• What you have to do:
The entries below contain a stretch that opens with the line containing "A cartoon Pepe" and closes with the line containing "Girls Children Long"; set down that stretch exactly, both ends included, and nothing else.

• Material supplied:
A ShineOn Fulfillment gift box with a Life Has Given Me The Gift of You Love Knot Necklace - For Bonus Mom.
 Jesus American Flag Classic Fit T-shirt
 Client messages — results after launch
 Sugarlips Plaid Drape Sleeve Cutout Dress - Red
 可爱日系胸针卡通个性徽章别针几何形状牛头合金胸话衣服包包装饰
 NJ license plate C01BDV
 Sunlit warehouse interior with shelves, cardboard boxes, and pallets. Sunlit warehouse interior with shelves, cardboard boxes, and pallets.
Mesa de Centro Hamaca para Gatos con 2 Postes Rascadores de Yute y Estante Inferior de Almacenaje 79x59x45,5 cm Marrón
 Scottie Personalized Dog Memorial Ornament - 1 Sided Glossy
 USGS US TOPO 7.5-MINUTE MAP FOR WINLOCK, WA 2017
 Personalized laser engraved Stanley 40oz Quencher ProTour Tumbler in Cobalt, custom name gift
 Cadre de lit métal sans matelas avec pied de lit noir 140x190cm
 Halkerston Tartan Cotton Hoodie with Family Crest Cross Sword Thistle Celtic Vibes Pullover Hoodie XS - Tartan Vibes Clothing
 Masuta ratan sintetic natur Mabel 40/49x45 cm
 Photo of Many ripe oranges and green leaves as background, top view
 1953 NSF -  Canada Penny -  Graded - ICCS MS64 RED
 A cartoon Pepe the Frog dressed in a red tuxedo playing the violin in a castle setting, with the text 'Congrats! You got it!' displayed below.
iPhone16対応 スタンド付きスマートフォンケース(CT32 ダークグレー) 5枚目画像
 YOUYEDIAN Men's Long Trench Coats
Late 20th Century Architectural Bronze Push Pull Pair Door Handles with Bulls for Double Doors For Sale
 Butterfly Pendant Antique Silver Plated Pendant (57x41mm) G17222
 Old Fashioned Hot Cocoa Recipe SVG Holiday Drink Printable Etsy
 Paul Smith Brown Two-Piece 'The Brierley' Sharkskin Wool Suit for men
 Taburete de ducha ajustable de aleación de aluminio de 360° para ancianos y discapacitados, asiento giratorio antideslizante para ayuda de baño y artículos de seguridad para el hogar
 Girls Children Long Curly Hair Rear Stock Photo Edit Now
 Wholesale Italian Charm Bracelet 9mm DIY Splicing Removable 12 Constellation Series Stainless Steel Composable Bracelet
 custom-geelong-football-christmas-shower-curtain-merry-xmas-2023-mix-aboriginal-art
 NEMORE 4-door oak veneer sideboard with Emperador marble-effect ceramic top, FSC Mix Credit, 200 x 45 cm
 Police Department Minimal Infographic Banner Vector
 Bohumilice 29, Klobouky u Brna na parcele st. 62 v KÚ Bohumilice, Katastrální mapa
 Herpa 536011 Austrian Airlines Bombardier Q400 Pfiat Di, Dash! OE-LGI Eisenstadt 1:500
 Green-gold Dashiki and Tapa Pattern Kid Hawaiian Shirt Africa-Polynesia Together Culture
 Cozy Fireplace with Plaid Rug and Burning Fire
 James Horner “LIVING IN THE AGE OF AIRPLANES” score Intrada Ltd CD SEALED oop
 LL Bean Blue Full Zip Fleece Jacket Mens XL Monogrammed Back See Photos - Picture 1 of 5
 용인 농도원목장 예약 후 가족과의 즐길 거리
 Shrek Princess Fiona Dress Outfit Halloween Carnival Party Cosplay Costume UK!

• Exercise result:
 A cartoon Pepe the Frog dressed in a red tuxedo playing the violin in a castle setting, with the text 'Congrats! You got it!' displayed below.
iPhone16対応 スタンド付きスマートフォンケース(CT32 ダークグレー) 5枚目画像
 YOUYEDIAN Men's Long Trench Coats
Late 20th Century Architectural Bronze Push Pull Pair Door Handles with Bulls for Double Doors For Sale
 Butterfly Pendant Antique Silver Plated Pendant (57x41mm) G17222
 Old Fashioned Hot Cocoa Recipe SVG Holiday Drink Printable Etsy
 Paul Smith Brown Two-Piece 'The Brierley' Sharkskin Wool Suit for men
 Taburete de ducha ajustable de aleación de aluminio de 360° para ancianos y discapacitados, asiento giratorio antideslizante para ayuda de baño y artículos de seguridad para el hogar
 Girls Children Long Curly Hair Rear Stock Photo Edit Now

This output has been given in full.